By Puyaan Singh and Michael Erman
Dec 16 (Reuters) - Pfizer PFE.N said on Tuesday the next few years will be bumpy, beginning with 2026, due to lower sales of its COVID vaccine and treatment, price cuts promised to the U.S. government, and the expiration of patents on key drugs.
The stock fell 5.2% on Tuesday. Pfizer shares have dropped more than 50% since early 2023 as demand for COVID vaccines and treatments waned, leaving the company trailing peers in performance.
The drugmaker does not expect to return to revenue growth until 2029, as it works to develop new blockbuster drugs, including the obesity treatments it picked up in recent deals.
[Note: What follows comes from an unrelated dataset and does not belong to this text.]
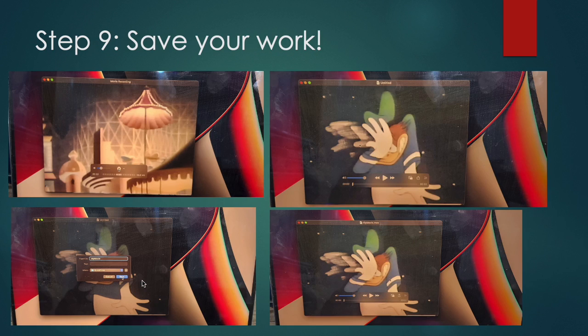Hit stop on the VCR and then save your work. Once you hit stop, it will go to a screen that says 'Untitled' and your video will be there — I only recorded around two minutes in this case, but you can record as long as you want. Click File, then Save, give it a name and a folder where you want to save it, and then save it. That's literally it.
Its pipeline has not produced a game-changing drug since it helped to develop the COVID vaccine Comirnaty and produced COVID treatment Paxlovid early in the decade. The company's goal is to save more than $7 billion annually through 2027 as it tries to control costs.
"This stock is unlikely to break out of its current mid-20s price range until investors are convinced of a growth trajectory," said Bernstein analyst Courtney Breen.
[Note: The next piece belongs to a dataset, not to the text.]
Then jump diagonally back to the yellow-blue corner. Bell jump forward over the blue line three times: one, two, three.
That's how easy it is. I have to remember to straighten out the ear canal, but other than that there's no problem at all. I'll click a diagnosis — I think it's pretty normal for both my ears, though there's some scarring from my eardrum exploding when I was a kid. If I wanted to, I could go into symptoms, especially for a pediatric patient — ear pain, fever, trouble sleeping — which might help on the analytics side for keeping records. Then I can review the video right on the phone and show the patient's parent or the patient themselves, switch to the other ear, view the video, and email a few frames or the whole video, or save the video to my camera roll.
PFIZER FORECASTS MISS WALL STREET TARGETS
The drugmaker expects 2026 adjusted profit per share to be between $2.80 and $3, below analysts' average estimate of $3.05 per share, according to data compiled by LSEG.
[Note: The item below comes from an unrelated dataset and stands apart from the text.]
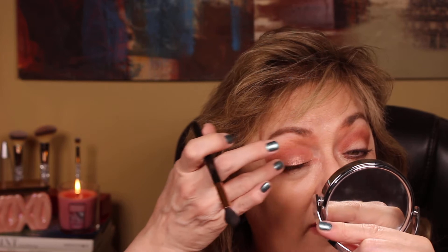So here's one other thing I want to do. On my lid I'm going to use my finger, because I feel like that works better than anything — this Bang Bang color. And that is just for fun today because it's Valentine's Day. I'm going to put that right on the lid with my finger. It just seems to blend better than any brush. And if you'll notice, the more I'm doing this, the shinier it's getting. I just wanted that shine on my lid today because it's Valentine's.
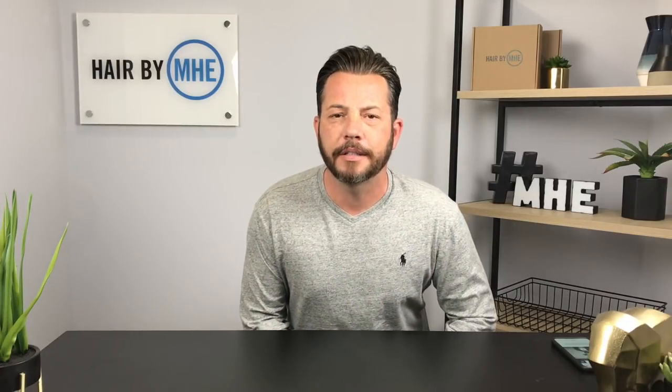Welcome to the channel, guys — welcome to the hair experience. I am Curtis, your guide to getting luxurious hair back on your head for not a lot of money, no surgeries, no pesky pills.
It expects revenue for next year in the range of $59.5 billion to $62.5 billion, compared with estimates of $61.59 billion.
The projection includes a drop in revenue from its COVID-19 products of about $1.5 billion from this year. The company also expects a revenue hit of about $1.5 billion due to certain products losing exclusivity in 2026.
The company said it exceeded its expectations for cost reductions in 2025 and is on track to deliver most of the savings next year. It expects 4% operational revenue growth, which excludes COVID products and those that are set to lose patents.
"This core guidance is slightly above our expectations ... we would not be surprised to see modest EPS upside through the year on better cost management/the company’s ongoing restructuring efforts," said JPMorgan analyst Chris Schott in a research note.
ACQUISITIONS TO FUEL GROWTH
Pfizer, which expects to return to growth in 2029-2030, sees the growth being underpinned by its acquisitions and drug pipeline, its finance chief Dave Denton said.
The drugmaker has pursued several deals in recent years to refill its pipeline, including last month's $10 billion acquisition of Metsera MTSR.O to gain a foothold in the fast-growing obesity market and a $43 billion deal for Seagen in 2023, among other licensing deals.
The company expects full-year 2026 adjusted R&D expenses to be in the range of $10.5 billion to $11.5 billion - $500 million higher at either end than the 2025 estimate - due to development of an antibody in-licensed from 3SBio as well as multiple clinical programs from Metsera.
TRUMP DEAL SQUEEZES PRESCRIPTION DRUG MARGINS
Pfizer was the first major pharmaceutical company to sign a deal with the Trump administration to lower the price of its prescription drugs in the Medicaid program in exchange for three years of tariff relief.
The company said the Medicaid discounts would result in price and margin compression next year.
U.S. vaccines have been under pressure since vaccine-skeptic Robert F. Kennedy Jr. became health secretary and has worked to reduce the country's reliance on the interventions. Chief Executive Albert Bourla called the government's vaccine position "clearly an anomaly" and said it will continue investing in vaccines.
HOSPITAL AND BIOSIMILARS DIVISION CREATED
Pfizer also said it will create a new hospital and biosimilars unit. Bernstein's Breen called the move "the first signs of disposing of the hospital and biosimilar business."
Pfizer revised its revenue forecast for 2025 to about $62 billion from the previous range of $61 to $64 billion. It maintained its adjusted profit outlook for the year.